Before we leave the Olympic Games behind, I must get something off my chest. I found myself aghast at the number of athletes who, when interviewed after their triumph—or failure—spoke of the “journey” they had been on. This journey was usually described as either amazing or incredible, or both. It is a similar, or identical, journey to the one apparently undertaken by just about anybody who appears in any kind of televised contest, be it a “talent” show or one of those weird programmes where they lock people up in a house for a few weeks. Somewhat terrifyingly, it is also the title of Tony Blair's memoir.

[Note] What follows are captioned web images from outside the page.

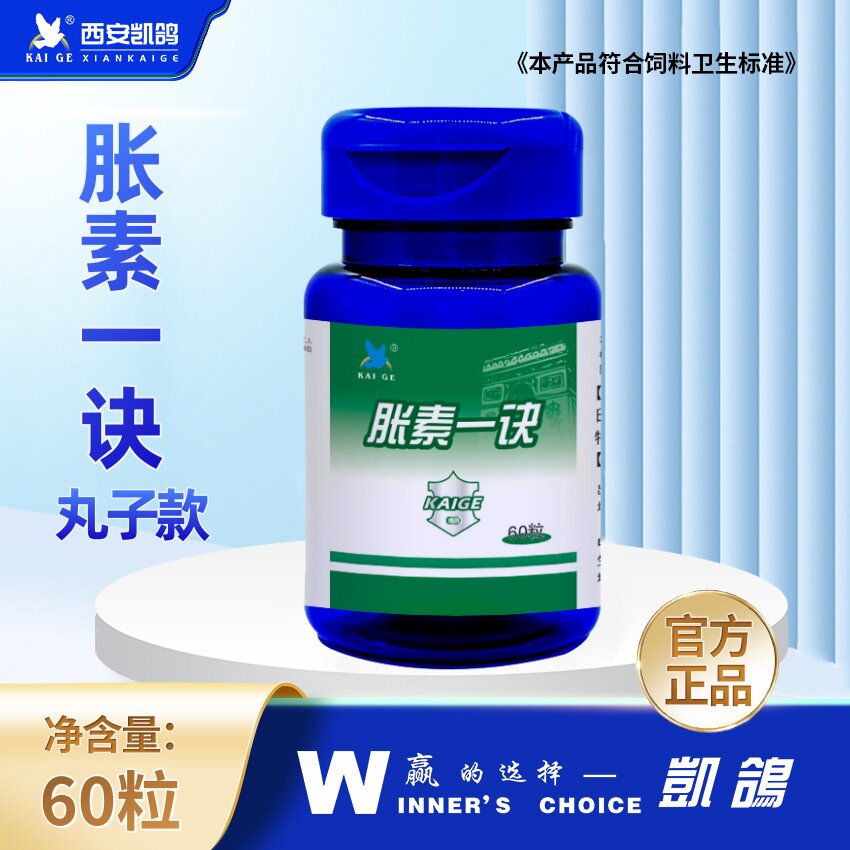 西安凯鸽子用胀嗉一绝克腺王软嗉粮食隔夜不消化凯鸽胀素一绝鸟用
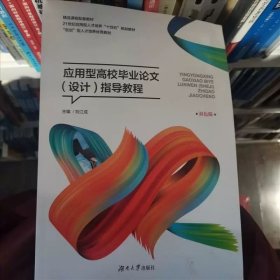 应用型高效毕业论文设计指导教程 刘江成 湖南大学出版社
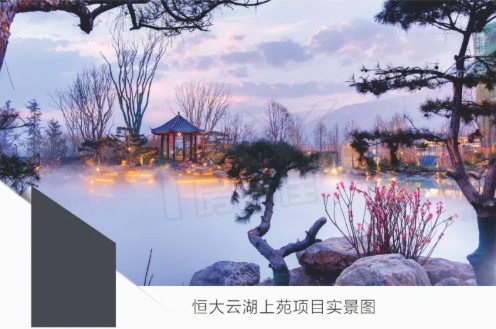 1599725909547731.png 微信图片_20200910161405.png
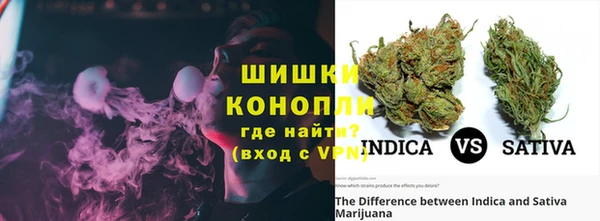 кокаин перу Бородино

What we are supposed to understand from all this guff is that the speaker has been on a journey of self-discovery. As John Lydon put it in Public Image, “I'm not the same as when I began”. No doubt this is true, if not for brain-dead television show contestants, certainly for Olympic athletes. What is profoundly depressing is that they all reach for precisely the same metaphor, automatically. It is not that I expect profundity, exactly, especially when the athlete is quizzed while still puffing and panting fresh from the running track or swimming pool. But there were times when I thought the BBC might have used a generic puffing-and-panting cardboard cutout for all the interviews, because they all said exactly the same thing. The questions were pretty witless, but why did they all—unprompted—blather about their incredible/amazing “journey”?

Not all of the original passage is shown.